Gedachten aan ingesleten patronen vliegen mij soms aan

Het is die onveranderlijkheid van ingesleten patronen, de gang van zaken waaraan wij zo gehecht zijn geraakt, die amper ruimte laat voor iets nieuws – of voor een ander perspectief. Probeer maar eens een vaste gewoonte te doorbreken in je eigen leven, bijvoorbeeld het ochtendritueel, vanaf het moment dat de wekker afgaat.

Zo gaat het ook op wereldschaal. Probeer daar maar eens een einde te maken aan vaste gewoontes! Nog steeds zijn wij verslaafd aan fossiele brandstoffen, en aan een levensstijl waarin ontzettend veel mogelijk is. Of neem de mondiale ongelijkheid tussen arm en rijk, die weer toeneemt. Met als gevolg dat mensen op drift raken, hun heil elders gaan zoeken. Denk ook aan de eindeloze conflicten tussen moslims, joden en christenen. Ze spelen telkens weer op. Een oplossing lijkt eindeloos ver weg. Het kan mij soms aanvliegen, de gedachte aan al die vaste gewoonten en gebruiken, zo diep en zo onveranderlijk.

Elk jaar vieren wij het nieuwe begin, dat de engelen doet dansen

Hoe kun je ooit denken dat echte verandering mogelijk is? Hoe zou je ooit nog kunnen hopen op een nieuw begin? Gelukkig vieren wij elk jaar die wonderlijke geboorte. Dat nieuwe begin. Een onverwachte beweging. Er klinkt een stem. En een lied van de engelen.

Een lied dat de nacht stukzingt. En je zou kunnen zeggen, dat de engelen daarna beginnen te dansen. De filosoof Friedrich Nietzsche zei ooit: ‘Zij die dansen worden voor gek verklaard door degenen die de muziek niet horen.’

In de onveranderlijke duisternis van de nacht horen de herders hemelse muziek, en beginnen te dansen: richting de kribbe.
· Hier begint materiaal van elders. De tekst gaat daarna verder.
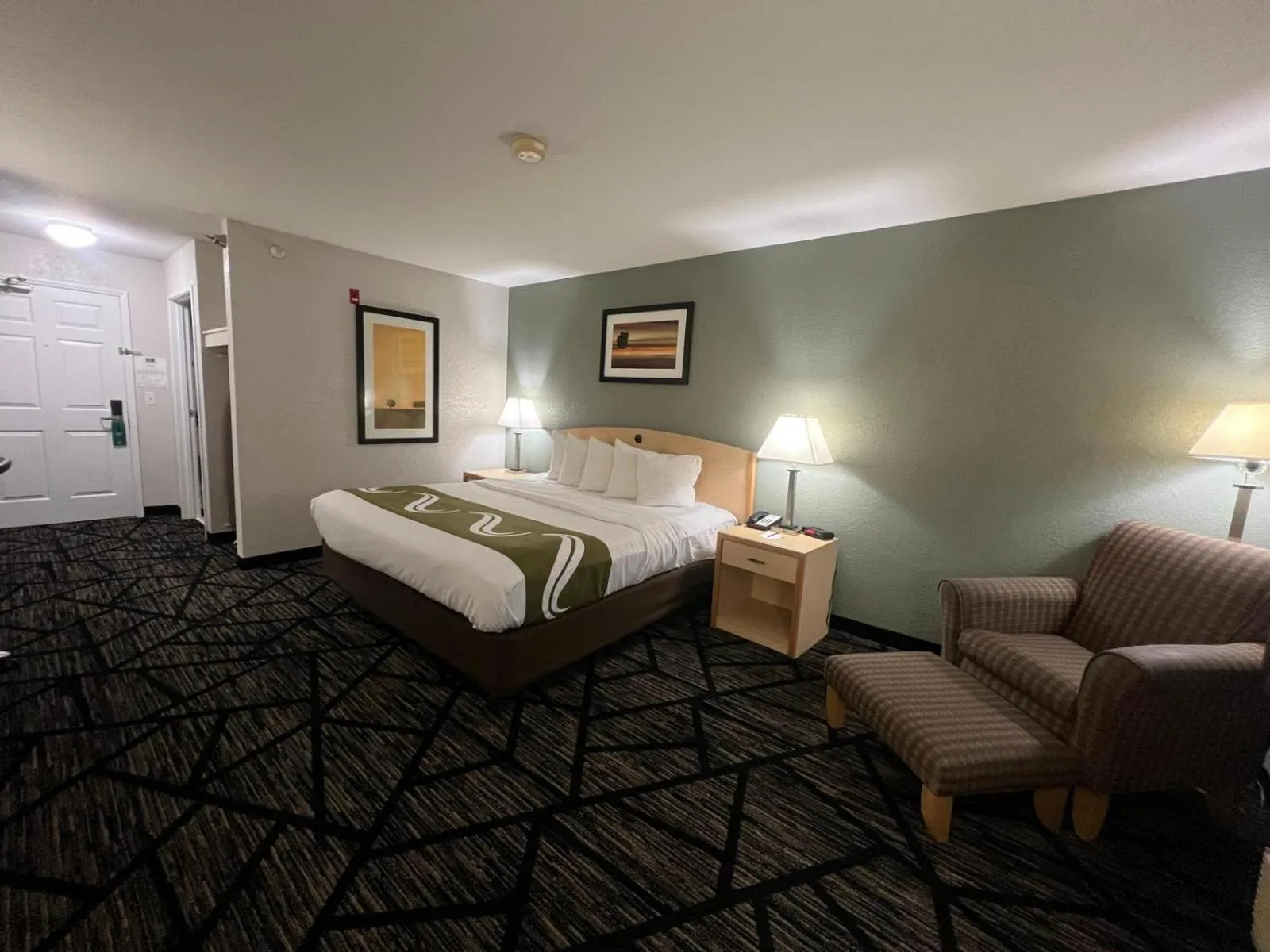 Bed in Quality Inn & Suites Loveland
Als omstanders het hadden gezien, zouden ze hen voor gek hebben verklaard. Want omstanders hoorden de muziek niet. Je moet inderdaad een beetje gek zijn om die muziek sowieso te kunnen horen. De muziek van geboorte, van een nieuw begin, van de mogelijkheid tot verandering.

De capaciteit om niet alleen iemand te zijn, maar ook iemand te worden

De geboorte van Jezus belichaamt de hoop dat een nieuw begin mogelijk is – telkens weer, zelfs in het zicht van ondergang en dood. Kerst is het feest van de hoop. Wij zijn niet gedoemd tot eeuwige herhaling van hetzelfde, tot eindeloze reproductie van één patroon. ‘Want een kind is ons geboren!’ Dat betekent dat wij mensen, ook al zijn we sterfelijk, niet geboren zijn om te sterven maar om een begin te maken. Hannah Arendt was uit Nazi-Duitsland gevlucht naar New York. Zij was altijd hartstochtelijk op zoek naar de mogelijkheid van opnieuw beginnen, na het onvoorstelbare leed van de Holocaust.

Geboortelijkheid is volgens Arendt het vermogen van de mens om niet alleen iemand te zijn, maar ook, nee vooral, om iemand te worden. Niet alles ligt vast. Er kan worden bijgestuurd. De toekomst kun je enerzijds zien als een land dat niet meer braak ligt, want het verleden laat nu eenmaal diepe sporen na. Tegelijk is de toekomst een land dat nog niet af is. Hoop op een nieuw begin geeft richting aan het denken. Wie zich al hopend en dromend, en met zijn verbeeldingskracht, een voorstelling durft te maken van een goede toekomst, die weet welke kant hij op wil. Dan kan hij ook de eerste stappen zetten. We hebben daarom verhalen, visioenen nodig. Over hoe het anders kan. Hoe het anders moet.

‘Werkelijkheidsmensen’ en ‘mogelijkheidsmensen’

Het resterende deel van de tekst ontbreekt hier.